April 28,2008 - There have been numerous media reports about food shortages around the globe and the resulting riots caused by empty store shelves. Usually missing from these reports though is the reason for the shortages.
The problem is not agricultural, but rather monetary. In other words, the problem is not too few food staples, but too much money - or too much fiat paper currency to be precise.
In contrast to the classical gold standard, there is today no discipline on the creation of money, with the consequence that it is being created to excess. Rising prices of all goods and services are the inevitable result, and what's worse, surging inflation has become a global scourge. All currencies are being inflated. Only the rate of debasement is different.
In an inflationary environment, it is basic common sense that soaring prices will empty store shelves. This outcome is also the experience of countless inflationary episodes throughout history. People dump the depreciating currency in favor of tangible, useful assets, and basic staples are high on the list of things to acquire.
The following table of commodity prices is from the April 24th 2008 print edition of The Economist magazine. Note the monthly and yearly increases for food.
The 69.0% increase in food prices over the past year makes a mockery of government reported price indices. Their bogus reports obviously understate the true rate of monetary debasement.
There is of course another problem causing food shortages, and no, it is not the speculators being so roundly blamed by the media. Government - or governments to be more precise - is again the cause. Many of them are acting in ways that cause food shortages.
Price controls and other blunders by foolhardy governments have disrupted the market process. If there were no government meddling and markets were left unfettered, the market process would competently and economically allocate resources, goods and services. This point is skillfully addressed in a recent article by Sean Corrigan posted at the Mises Institute: www.mises.org
So far the food shortages and riots have occurred in countries with the worst inflation and most stringent government controls. But I expect these occurrences of shortages to broaden as inflation worsens. This point is being demonstrated by events presently taking place in the United States. Shortages of a few basic staples are developing.

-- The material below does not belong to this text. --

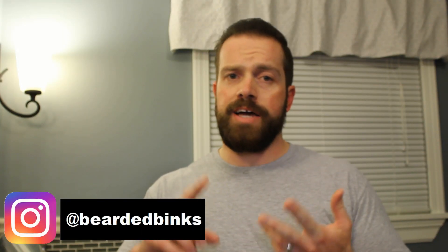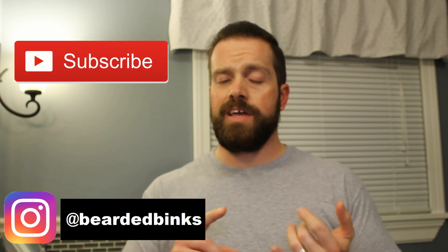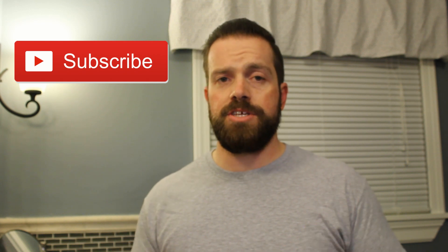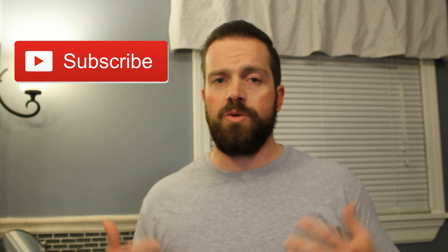First things first, I do beard stuff, I do shave stuff, I do hair stuff, and if I find a nice bottle of something, I'll even have a drink with you. So if that all sounds good to you, hit that subscribe button and you'll know when it happens.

Unfortunately, the response by some stores has not been constructive. Rather than increasing the price of goods being demanded, they are unilaterally acting to limit purchases by their customers. Perhaps they have been asked to take those restrictive steps by government agencies. Regardless of their motivation, these actions further disrupt the market process.
With the ongoing printing of fiat currency by governments around the world, inflation will worsen. Therefore, it is logical to conclude that there will be more so-called 'shortages' of food and other basic items.